下了公交離家還有一段路,談靜抱著孩子又要拎蛋糕,著實不便,走了沒多遠,就覺得氣喘籲籲。只好坐到馬路牙子上,想換一只手。沒想到剛一換手,孩子就醒了,睜開眼睛,細聲細氣地叫了聲:「媽媽。」
談靜「嗯」了一聲,說:「媽媽抱不動你了,媽媽背你好嗎?」
「好。」
她重新把孩子背起來,這樣輕松多了,還可以騰出手來拿蛋糕。孫平很喜歡吃蛋糕,有時候她也會買店裏減價快過期的蛋糕面包給孫平當零食,但是新鮮蛋糕確實更好吃。

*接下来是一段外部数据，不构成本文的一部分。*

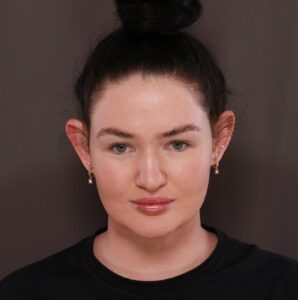 Before Image: Otoplasty by Dr. Henstrom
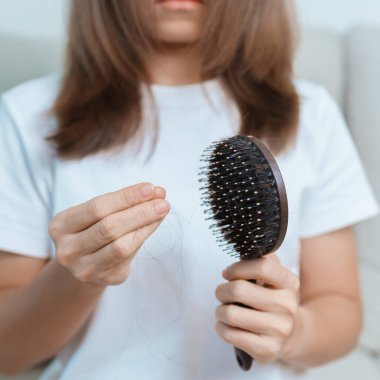 Saç dökülme sorunu, Kellik, Güzellik ve Sağlık Bakım Konseptleri, elinde saç dökülmesi tarak tutan Asyalı kadın, saç fırçası tutan ve kafa derisinden dökülen saçlarla fırçalayan genç kadın.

孫平摟著她的脖子,軟軟的聲音就在她的耳畔:「媽媽,今天你過生日,快樂嗎?」
「快樂,只要有平平在,媽媽就快樂。」
孫平嘿嘿笑了一聲,說:「平平也快樂,因為媽媽快樂……那個會唱歌的蠟燭真好玩,梁叔叔帶我坐的小坦克也真好玩,可惜爸爸不在。媽媽,爸爸呢?」
談靜愣了一下,說:「爸爸在加班。」
「他怎麼老是加班啊……」孫平明顯又快睡著了,伏在她的背上,連聲音都聽得出來睡意蒙‧,「媽媽,爸爸是為了掙錢給我治病,所以才天天加班對嗎?陳婆婆說,你每天上班,不能陪我,就是因為要掙錢給我治病。以後我的病好了,我就快點長大,掙很多很多的錢,一定不讓你和爸爸上班了……這樣你們就有時間陪著我了……」
談靜忍了一天的眼淚,終於掉下來了。
聶宇晟接到舒琴電話的時候,心情很陰鬱。他取了三萬塊錢,然後在銀行特意換了零鈔,因為他只打算給談靜兩萬九千六百四十一塊。他把錢扔在地上的時候,有一種踐踏般的快感。可是當他從咖啡店出來並啟動車子的時候,才覺得肋骨下某個地方,正在抽搐似地疼痛。所謂的心如刀割,原來也就是這樣子。
他最恨談靜的也就是這一點,不管是在什麼時候,她永遠有辦法抓住他最軟弱的地方,然後狠狠地插上一刀。昨天她向他要錢的時候,他還覺得非常痛快,哪怕這種痛快的背後其實是暴怒。他也巴不得用錢來了結一切,如果錢真的可以了結,真的可以讓他忘記她的話。
其實他也知道,自己有多麼可笑,哪怕這個女人做出更狠的事情來,他也不會忘記她。
大疊鈔票撒手的時候,隔著紛揚的紙幣,他看著談靜眼底的淚光,這女人永遠這樣虛偽,可恥的是,每次看到她淚眼盈盈的樣子,他總是覺得,自己才是做錯的那個。
回到醫院做完兩台手術,累得坐在椅子上站不起來,才可以把談靜的影子,稍稍從腦海中驅除一些。談靜交給他的盒子還被他放在醫院更衣室櫃子裏,他其實還是抱了一絲幻想的,比如談靜有一天會來對他說,聶宇晟我錯了,其實我是騙你的。他很卑微地欺騙過自己,在國外最艱難最困苦的時候,他曾經自欺欺人地想過,如果回到國內,談靜會突然出現在自己面前,她只要說,九九藏書我是騙你的,我什麼都沒有做過,他就什麼都肯相信。
可是她連這樣的機會,都不曾給他。
換衣服的時候,他漠然地把那個紙盒移開一些,裏頭的東西沙沙作響,是那些信。他想起那些寫信的日子,想起自己在假期頂著酷暑替人翻譯資料,頂著烈日站在街頭賣飲料,就只為給她買一枚胸針。